Records supplied START

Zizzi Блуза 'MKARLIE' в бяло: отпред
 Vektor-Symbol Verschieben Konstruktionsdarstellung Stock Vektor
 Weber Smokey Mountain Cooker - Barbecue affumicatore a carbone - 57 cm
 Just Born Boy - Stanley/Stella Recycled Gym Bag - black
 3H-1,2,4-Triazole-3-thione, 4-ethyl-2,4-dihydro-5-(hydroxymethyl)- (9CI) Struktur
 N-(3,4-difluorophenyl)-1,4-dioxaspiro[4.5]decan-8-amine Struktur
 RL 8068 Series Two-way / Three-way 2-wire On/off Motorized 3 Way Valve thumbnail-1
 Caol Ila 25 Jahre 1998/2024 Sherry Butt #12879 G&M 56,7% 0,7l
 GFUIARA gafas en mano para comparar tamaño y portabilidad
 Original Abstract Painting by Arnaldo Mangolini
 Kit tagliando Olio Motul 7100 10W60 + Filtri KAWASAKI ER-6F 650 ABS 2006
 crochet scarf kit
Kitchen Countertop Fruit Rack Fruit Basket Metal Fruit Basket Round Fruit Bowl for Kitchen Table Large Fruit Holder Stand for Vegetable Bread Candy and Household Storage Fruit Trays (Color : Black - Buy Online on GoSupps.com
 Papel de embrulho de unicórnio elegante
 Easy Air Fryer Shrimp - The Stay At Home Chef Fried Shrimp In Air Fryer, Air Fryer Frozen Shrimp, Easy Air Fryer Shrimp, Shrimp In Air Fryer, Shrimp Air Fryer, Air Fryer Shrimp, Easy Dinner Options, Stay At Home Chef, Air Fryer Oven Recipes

Records supplied END

** Brief **
With no line omitted, copy all the data exactly.

** Answer space **
Zizzi Блуза 'MKARLIE' в бяло: отпред
 Vektor-Symbol Verschieben Konstruktionsdarstellung Stock Vektor
 Weber Smokey Mountain Cooker - Barbecue affumicatore a carbone - 57 cm
 Just Born Boy - Stanley/Stella Recycled Gym Bag - black
 3H-1,2,4-Triazole-3-thione, 4-ethyl-2,4-dihydro-5-(hydroxymethyl)- (9CI) Struktur
 N-(3,4-difluorophenyl)-1,4-dioxaspiro[4.5]decan-8-amine Struktur
 RL 8068 Series Two-way / Three-way 2-wire On/off Motorized 3 Way Valve thumbnail-1
 Caol Ila 25 Jahre 1998/2024 Sherry Butt #12879 G&M 56,7% 0,7l
 GFUIARA gafas en mano para comparar tamaño y portabilidad
 Original Abstract Painting by Arnaldo Mangolini
 Kit tagliando Olio Motul 7100 10W60 + Filtri KAWASAKI ER-6F 650 ABS 2006
 crochet scarf kit
Kitchen Countertop Fruit Rack Fruit Basket Metal Fruit Basket Round Fruit Bowl for Kitchen Table Large Fruit Holder Stand for Vegetable Bread Candy and Household Storage Fruit Trays (Color : Black - Buy Online on GoSupps.com
 Papel de embrulho de unicórnio elegante
 Easy Air Fryer Shrimp - The Stay At Home Chef Fried Shrimp In Air Fryer, Air Fryer Frozen Shrimp, Easy Air Fryer Shrimp, Shrimp In Air Fryer, Shrimp Air Fryer, Air Fryer Shrimp, Easy Dinner Options, Stay At Home Chef, Air Fryer Oven Recipes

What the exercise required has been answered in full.